Padahal seharusnya, feminisme bukan tentang membenci laki-laki melainkan
menjadi kuat untuk diri sendiri, memberi jalan untuk mengambil peluang baik,
dan bangga atas diri sendiri. Dengan demikian, seharusnya perempuan tidak perlu
risau apakah dirinya gemuk, hitam, dan lainnya.
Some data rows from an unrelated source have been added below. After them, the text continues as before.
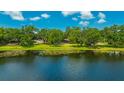 Scenic waterfront view of home surrounded by lush greenery and blue skies, a tranquil lakeside escape at 525 Gornto Lake Rd, Brandon, FL 33510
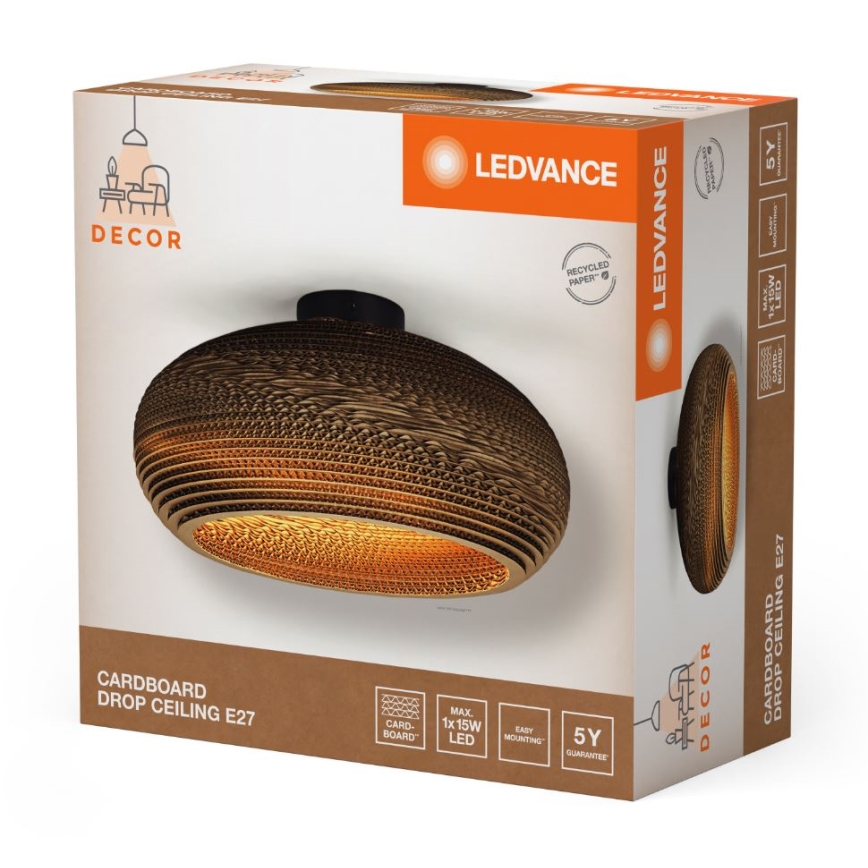 Ledvance - Iluminação de teto DECOR CARDBOARD 1xE27/15W/230V diâmetro 40 cm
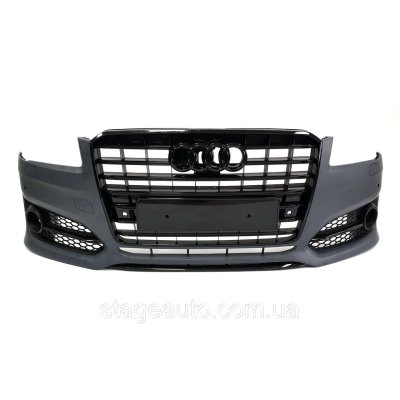 Передний бампер в стиле S-Line на Audi A8 D4 2014-2017 год ( Черный )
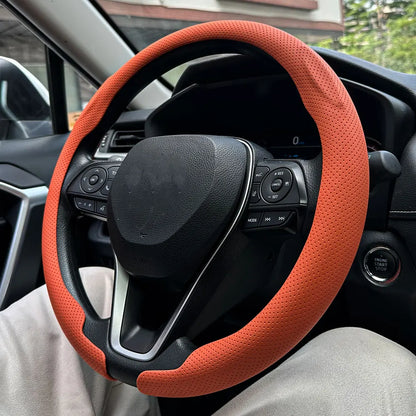 Universal Leather Steering Wheel Cover - Non-Slip Breathable Protector for 36-38cm Car Steering Wheels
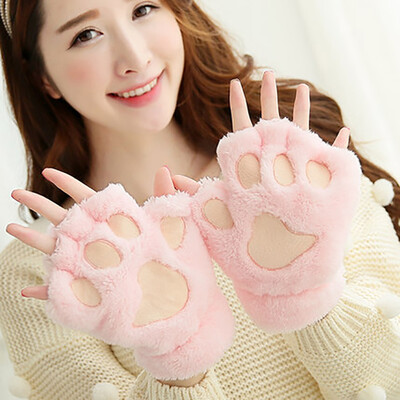 

Gloves winter cute half men and women thick winter warm cartoon claws plush winter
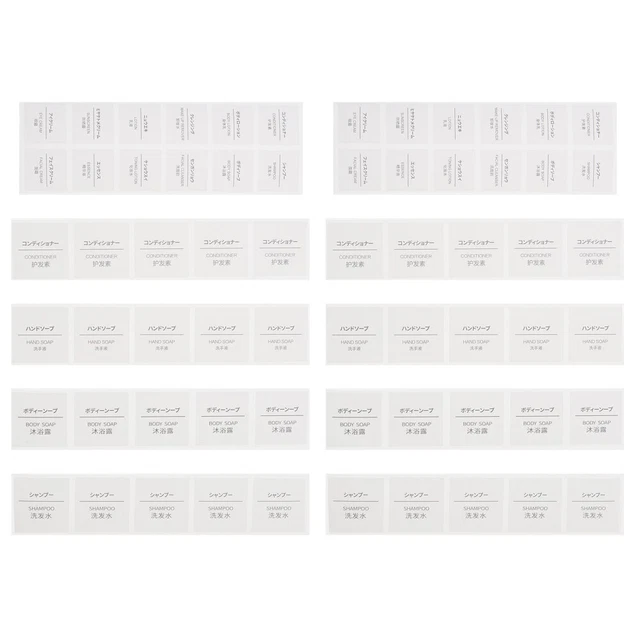 50 fogli etichette bianche impermeabili per dispenser bottiglie shampoo e condit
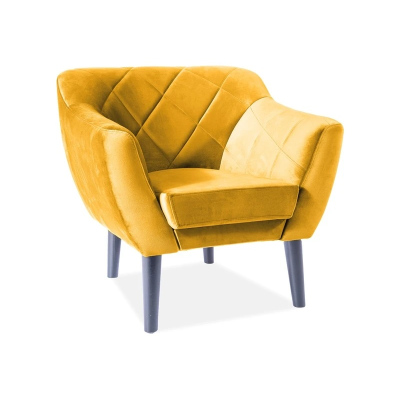 Skandinavischer Sessel AISHA – Gelb/Wenge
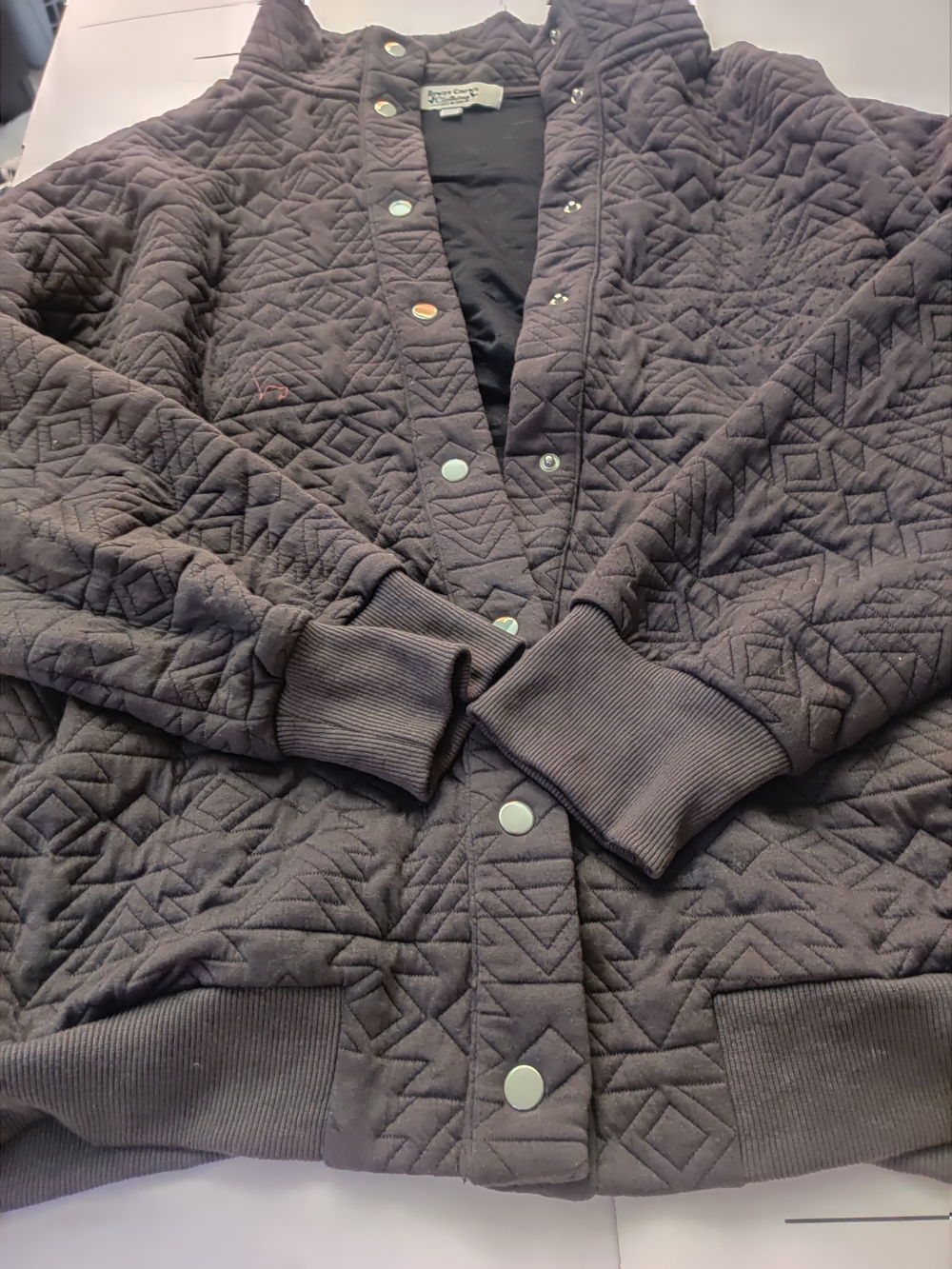 Vintage Rowdy And CrowdyQuilted Snap-Front Bomber‎ Jacket - Black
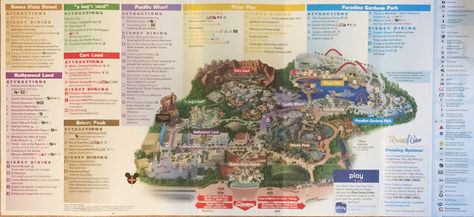 Disney California Adventure Map Pixar Pier Summer 2018 Scanned California Adventure Map, Disney Map, Disney World Map, Disneyland Map, Disneyland World, Disneyland California Adventure, California Parks, Disney California Adventure Park, California Adventure Park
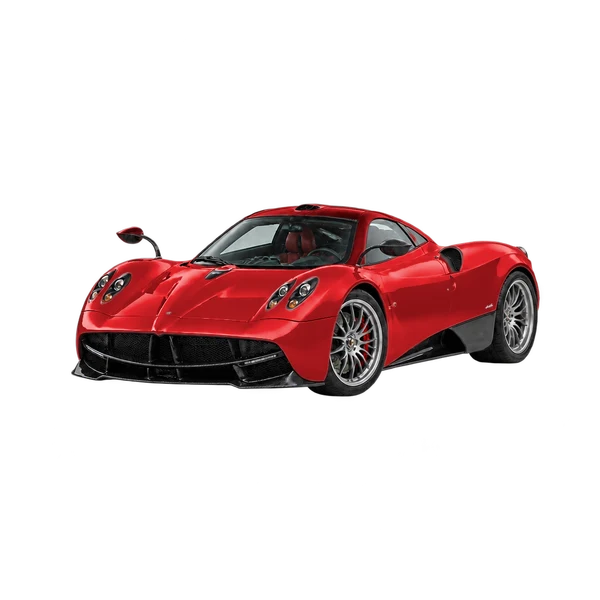 2021 Pagani Huayra in rot, Ansicht: Dreiviertelansicht vorne (nach links gerichtet)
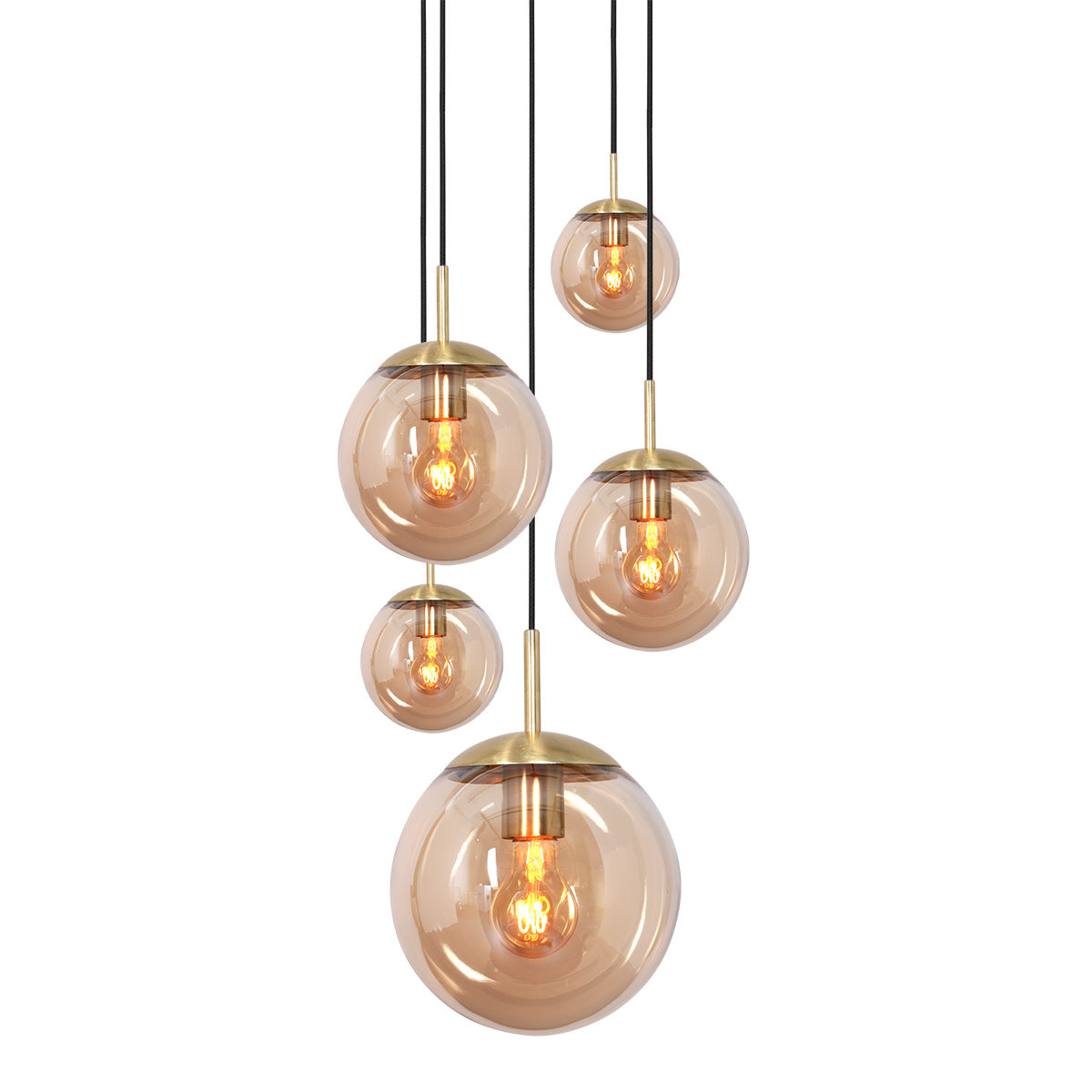 Hanglamp Bollique 2730ME messing 5 lichts lamp met amber glas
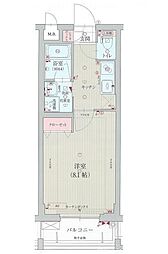 ベラジオ京都西院ウエストシティ 1Kの間取図画像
Perempuan akan masih tetap
hidup selama ia berpikir dan tidak bertindak yang muluk-muluk agar sesuai
dengan trend dan digemari masyarakat.
Adanya feminisme mulai dipertanyakan kebenaraanya, memang tidak dapat dipungkiri banyak
keberhasilan yang diraih kaum perempuan atas dasar gerakan masif tersebut.
Berawal dari gerakan tersebut banyak perempuan yang sadar atas keprihatinan
yang menimpa kaumnya dan berusaha mengentaskan. Mereka sadar dan berusaha meningkatkan kualitas diri serta
menjaga fitrah. Namun di sisi lain juga seiring gencarnya feminisme juga
semakin marak degradasi perempuan serta pertentangan sesama perempuan. Lantas dapatkah dikatakan
bahwa feminisme masih perlu diperjuangkan?